RECORDS SHOWN:
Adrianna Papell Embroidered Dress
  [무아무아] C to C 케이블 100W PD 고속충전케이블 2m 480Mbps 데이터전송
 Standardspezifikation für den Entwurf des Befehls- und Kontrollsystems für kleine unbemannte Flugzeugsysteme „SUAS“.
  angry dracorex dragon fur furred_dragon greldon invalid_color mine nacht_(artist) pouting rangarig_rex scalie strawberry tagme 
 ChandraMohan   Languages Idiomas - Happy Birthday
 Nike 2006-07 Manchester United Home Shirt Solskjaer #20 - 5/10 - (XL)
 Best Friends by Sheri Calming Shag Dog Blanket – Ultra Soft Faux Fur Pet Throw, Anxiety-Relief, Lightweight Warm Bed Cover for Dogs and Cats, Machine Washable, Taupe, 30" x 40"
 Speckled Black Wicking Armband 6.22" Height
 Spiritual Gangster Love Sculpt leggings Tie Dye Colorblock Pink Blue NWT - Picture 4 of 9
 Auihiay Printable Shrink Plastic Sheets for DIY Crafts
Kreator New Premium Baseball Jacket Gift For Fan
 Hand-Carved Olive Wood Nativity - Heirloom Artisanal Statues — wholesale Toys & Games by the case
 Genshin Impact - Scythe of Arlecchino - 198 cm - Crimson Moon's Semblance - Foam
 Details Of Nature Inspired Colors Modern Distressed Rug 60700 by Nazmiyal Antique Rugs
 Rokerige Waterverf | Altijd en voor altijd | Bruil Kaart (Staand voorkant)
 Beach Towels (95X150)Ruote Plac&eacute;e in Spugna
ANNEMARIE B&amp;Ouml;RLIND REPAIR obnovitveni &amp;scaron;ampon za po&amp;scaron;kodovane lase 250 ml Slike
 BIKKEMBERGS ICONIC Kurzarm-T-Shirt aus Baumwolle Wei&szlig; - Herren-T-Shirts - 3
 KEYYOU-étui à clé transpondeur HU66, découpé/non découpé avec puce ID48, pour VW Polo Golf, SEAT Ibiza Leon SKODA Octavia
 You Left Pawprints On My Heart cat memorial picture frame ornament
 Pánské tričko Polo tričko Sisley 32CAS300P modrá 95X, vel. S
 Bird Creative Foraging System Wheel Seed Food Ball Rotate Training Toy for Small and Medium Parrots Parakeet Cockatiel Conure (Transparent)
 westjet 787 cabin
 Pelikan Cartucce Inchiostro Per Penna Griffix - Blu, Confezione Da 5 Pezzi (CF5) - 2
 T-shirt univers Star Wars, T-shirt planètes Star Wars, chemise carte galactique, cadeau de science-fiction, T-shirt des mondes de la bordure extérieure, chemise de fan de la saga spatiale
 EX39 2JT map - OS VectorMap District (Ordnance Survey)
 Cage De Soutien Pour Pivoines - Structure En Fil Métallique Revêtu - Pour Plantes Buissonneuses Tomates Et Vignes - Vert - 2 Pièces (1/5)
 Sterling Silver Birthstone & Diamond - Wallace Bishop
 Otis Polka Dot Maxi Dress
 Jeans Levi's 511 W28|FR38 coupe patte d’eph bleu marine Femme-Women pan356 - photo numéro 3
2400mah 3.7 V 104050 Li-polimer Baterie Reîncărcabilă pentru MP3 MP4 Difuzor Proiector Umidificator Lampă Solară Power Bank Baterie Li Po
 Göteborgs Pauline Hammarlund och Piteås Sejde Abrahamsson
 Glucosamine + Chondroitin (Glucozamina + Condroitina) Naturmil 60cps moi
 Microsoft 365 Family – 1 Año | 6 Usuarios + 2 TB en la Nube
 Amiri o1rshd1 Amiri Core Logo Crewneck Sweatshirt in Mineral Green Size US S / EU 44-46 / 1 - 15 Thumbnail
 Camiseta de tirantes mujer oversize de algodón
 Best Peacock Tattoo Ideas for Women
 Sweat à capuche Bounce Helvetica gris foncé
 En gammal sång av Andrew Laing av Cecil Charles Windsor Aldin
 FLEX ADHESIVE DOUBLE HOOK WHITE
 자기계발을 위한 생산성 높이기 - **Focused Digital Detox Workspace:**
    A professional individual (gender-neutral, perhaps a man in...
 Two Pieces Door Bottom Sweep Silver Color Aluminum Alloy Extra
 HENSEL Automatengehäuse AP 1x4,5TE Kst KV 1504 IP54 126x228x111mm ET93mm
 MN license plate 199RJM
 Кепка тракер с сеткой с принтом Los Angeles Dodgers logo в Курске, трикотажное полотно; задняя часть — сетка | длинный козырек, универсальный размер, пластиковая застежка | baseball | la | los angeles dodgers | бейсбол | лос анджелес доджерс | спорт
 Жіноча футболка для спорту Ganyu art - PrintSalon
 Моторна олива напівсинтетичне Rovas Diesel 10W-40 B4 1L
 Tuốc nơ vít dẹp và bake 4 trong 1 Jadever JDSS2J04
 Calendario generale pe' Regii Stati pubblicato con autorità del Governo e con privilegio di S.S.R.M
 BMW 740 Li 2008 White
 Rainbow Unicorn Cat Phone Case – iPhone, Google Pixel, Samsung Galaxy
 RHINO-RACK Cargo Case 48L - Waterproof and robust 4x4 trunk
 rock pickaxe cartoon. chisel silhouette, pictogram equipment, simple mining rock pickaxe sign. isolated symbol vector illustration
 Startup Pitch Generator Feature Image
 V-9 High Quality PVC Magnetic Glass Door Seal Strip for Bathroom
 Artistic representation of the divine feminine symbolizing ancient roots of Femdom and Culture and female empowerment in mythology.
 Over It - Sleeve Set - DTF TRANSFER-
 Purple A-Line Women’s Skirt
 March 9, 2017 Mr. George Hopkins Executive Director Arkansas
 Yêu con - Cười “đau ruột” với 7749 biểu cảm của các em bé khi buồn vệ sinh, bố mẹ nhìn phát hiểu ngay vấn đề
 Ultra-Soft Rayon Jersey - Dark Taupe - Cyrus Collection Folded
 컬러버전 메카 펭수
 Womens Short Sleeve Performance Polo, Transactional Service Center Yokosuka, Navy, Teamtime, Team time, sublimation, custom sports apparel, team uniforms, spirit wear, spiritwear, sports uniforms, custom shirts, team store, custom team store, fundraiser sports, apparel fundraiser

YOUR GOAL: Using the listing, copy every line where the word "Silver" shows up.

FINISHED TASK:
 Sterling Silver Birthstone & Diamond - Wallace Bishop
 Two Pieces Door Bottom Sweep Silver Color Aluminum Alloy Extra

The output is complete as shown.